■ Work task ■
Among the entries below, take the line with "flat concept illustration" and the line with "Moncler Logo baumwoll beanie mütze - Orange", and output them and every line between them exactly, with nothing else.

*** Provided information

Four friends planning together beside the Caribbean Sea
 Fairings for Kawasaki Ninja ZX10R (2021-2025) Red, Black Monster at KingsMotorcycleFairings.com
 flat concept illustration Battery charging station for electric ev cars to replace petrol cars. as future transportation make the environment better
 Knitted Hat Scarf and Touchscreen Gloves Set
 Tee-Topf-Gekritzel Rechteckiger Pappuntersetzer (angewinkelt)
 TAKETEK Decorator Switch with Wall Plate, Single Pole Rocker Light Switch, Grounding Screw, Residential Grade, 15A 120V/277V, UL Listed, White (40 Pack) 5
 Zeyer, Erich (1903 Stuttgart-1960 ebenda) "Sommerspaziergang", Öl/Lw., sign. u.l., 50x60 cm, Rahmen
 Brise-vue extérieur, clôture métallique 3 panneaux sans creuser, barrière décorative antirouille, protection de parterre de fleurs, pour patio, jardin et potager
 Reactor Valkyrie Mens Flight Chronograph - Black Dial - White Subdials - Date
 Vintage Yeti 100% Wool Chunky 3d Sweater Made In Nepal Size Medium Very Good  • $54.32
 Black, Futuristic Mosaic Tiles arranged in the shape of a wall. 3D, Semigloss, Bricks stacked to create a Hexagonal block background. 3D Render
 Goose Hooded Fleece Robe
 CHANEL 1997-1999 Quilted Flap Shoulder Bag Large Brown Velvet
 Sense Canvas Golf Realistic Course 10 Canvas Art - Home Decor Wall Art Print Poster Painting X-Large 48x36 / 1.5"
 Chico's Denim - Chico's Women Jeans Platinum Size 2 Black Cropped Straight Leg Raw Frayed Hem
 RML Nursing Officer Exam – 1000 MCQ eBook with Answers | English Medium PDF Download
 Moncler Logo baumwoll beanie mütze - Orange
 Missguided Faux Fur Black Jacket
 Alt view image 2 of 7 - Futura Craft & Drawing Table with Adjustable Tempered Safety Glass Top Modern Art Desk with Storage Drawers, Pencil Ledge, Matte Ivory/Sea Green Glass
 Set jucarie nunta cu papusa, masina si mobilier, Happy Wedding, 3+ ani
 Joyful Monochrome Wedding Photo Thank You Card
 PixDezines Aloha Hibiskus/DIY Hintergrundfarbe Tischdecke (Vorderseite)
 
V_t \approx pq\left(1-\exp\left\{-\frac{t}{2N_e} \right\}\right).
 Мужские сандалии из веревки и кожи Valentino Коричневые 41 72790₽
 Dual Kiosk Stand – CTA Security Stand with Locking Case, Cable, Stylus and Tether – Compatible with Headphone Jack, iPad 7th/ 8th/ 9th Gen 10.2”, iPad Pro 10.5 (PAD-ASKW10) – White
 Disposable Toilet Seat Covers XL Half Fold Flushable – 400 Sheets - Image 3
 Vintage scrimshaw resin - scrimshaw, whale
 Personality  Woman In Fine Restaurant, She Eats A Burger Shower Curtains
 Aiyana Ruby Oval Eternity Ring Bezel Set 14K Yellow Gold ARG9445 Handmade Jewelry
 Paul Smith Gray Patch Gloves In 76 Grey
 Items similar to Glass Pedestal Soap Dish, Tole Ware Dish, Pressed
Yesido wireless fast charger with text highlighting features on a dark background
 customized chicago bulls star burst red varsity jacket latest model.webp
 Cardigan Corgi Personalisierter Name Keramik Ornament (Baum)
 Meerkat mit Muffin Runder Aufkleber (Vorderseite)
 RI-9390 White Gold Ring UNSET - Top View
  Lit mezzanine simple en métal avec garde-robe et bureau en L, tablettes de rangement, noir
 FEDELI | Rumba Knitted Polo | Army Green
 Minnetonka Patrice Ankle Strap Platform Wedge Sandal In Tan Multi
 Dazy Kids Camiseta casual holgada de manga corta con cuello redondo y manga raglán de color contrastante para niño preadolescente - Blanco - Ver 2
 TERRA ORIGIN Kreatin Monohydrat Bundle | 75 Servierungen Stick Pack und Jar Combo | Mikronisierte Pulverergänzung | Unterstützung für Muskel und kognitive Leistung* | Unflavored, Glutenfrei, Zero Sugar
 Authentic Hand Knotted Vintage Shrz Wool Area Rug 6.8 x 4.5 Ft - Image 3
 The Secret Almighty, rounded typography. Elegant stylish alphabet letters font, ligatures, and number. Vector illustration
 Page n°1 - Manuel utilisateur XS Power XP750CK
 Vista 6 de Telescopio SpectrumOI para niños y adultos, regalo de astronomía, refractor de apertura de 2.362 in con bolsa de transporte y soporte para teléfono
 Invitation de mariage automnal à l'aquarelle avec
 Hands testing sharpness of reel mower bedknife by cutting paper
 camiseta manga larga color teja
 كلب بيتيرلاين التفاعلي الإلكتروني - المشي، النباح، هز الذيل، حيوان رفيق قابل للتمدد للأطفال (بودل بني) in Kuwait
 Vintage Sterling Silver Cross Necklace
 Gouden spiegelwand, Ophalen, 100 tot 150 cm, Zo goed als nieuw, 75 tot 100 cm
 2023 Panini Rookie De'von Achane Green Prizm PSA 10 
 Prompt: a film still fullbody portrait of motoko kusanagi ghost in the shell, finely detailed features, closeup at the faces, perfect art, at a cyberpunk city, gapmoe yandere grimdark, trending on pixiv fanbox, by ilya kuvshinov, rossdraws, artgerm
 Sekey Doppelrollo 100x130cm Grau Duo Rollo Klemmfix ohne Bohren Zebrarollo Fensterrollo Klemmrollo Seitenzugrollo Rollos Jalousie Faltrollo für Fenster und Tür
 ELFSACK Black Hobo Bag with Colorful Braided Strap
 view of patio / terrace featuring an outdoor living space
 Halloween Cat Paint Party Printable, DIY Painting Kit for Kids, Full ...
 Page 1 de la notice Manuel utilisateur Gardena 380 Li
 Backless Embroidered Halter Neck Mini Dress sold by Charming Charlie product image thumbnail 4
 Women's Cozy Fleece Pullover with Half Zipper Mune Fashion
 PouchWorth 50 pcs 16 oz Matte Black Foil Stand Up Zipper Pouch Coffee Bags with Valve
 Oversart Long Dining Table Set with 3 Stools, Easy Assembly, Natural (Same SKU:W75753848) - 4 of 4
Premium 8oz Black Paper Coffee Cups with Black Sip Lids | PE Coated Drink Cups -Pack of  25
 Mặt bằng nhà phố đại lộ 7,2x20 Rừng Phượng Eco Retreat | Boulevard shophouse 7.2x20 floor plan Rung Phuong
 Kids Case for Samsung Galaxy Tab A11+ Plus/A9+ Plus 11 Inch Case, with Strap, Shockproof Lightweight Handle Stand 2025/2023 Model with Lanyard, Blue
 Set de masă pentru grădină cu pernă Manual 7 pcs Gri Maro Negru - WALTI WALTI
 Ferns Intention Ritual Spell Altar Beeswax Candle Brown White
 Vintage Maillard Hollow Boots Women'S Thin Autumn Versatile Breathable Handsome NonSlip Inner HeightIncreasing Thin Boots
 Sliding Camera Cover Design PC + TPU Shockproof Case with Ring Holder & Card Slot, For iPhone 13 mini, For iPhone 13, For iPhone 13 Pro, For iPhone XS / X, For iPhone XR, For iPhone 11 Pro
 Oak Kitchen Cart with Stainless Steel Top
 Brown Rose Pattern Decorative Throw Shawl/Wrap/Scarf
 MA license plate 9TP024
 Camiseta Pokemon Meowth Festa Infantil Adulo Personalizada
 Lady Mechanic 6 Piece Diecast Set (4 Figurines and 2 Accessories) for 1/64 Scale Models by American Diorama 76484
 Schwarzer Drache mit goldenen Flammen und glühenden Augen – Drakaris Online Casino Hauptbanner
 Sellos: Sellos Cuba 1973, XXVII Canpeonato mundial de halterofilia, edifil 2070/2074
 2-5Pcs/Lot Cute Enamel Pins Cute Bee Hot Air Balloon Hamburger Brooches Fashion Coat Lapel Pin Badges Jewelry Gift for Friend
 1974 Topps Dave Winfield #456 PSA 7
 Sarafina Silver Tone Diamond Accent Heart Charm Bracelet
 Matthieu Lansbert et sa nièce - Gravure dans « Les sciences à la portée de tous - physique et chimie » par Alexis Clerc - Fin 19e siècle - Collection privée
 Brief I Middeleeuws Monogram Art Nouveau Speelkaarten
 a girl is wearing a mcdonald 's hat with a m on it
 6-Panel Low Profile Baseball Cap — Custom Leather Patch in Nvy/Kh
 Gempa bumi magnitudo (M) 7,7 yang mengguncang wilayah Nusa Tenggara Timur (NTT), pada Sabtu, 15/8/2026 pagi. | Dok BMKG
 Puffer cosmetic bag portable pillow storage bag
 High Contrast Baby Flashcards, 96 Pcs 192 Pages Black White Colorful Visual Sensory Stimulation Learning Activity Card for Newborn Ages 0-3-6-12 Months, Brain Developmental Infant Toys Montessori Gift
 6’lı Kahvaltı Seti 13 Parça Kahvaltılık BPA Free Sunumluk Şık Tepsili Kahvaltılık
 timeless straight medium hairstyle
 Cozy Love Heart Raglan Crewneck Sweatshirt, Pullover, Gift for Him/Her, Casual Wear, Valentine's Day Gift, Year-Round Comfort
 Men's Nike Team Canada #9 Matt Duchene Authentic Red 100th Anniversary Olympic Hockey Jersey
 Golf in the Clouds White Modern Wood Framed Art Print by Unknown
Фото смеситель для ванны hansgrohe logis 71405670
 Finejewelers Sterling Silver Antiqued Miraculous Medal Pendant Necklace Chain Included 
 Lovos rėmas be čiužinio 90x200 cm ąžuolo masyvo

******

■ Reply to the exercise ■
 flat concept illustration Battery charging station for electric ev cars to replace petrol cars. as future transportation make the environment better
 Knitted Hat Scarf and Touchscreen Gloves Set
 Tee-Topf-Gekritzel Rechteckiger Pappuntersetzer (angewinkelt)
 TAKETEK Decorator Switch with Wall Plate, Single Pole Rocker Light Switch, Grounding Screw, Residential Grade, 15A 120V/277V, UL Listed, White (40 Pack) 5
 Zeyer, Erich (1903 Stuttgart-1960 ebenda) "Sommerspaziergang", Öl/Lw., sign. u.l., 50x60 cm, Rahmen
 Brise-vue extérieur, clôture métallique 3 panneaux sans creuser, barrière décorative antirouille, protection de parterre de fleurs, pour patio, jardin et potager
 Reactor Valkyrie Mens Flight Chronograph - Black Dial - White Subdials - Date
 Vintage Yeti 100% Wool Chunky 3d Sweater Made In Nepal Size Medium Very Good  • $54.32
 Black, Futuristic Mosaic Tiles arranged in the shape of a wall. 3D, Semigloss, Bricks stacked to create a Hexagonal block background. 3D Render
 Goose Hooded Fleece Robe
 CHANEL 1997-1999 Quilted Flap Shoulder Bag Large Brown Velvet
 Sense Canvas Golf Realistic Course 10 Canvas Art - Home Decor Wall Art Print Poster Painting X-Large 48x36 / 1.5"
 Chico's Denim - Chico's Women Jeans Platinum Size 2 Black Cropped Straight Leg Raw Frayed Hem
 RML Nursing Officer Exam – 1000 MCQ eBook with Answers | English Medium PDF Download
 Moncler Logo baumwoll beanie mütze - Orange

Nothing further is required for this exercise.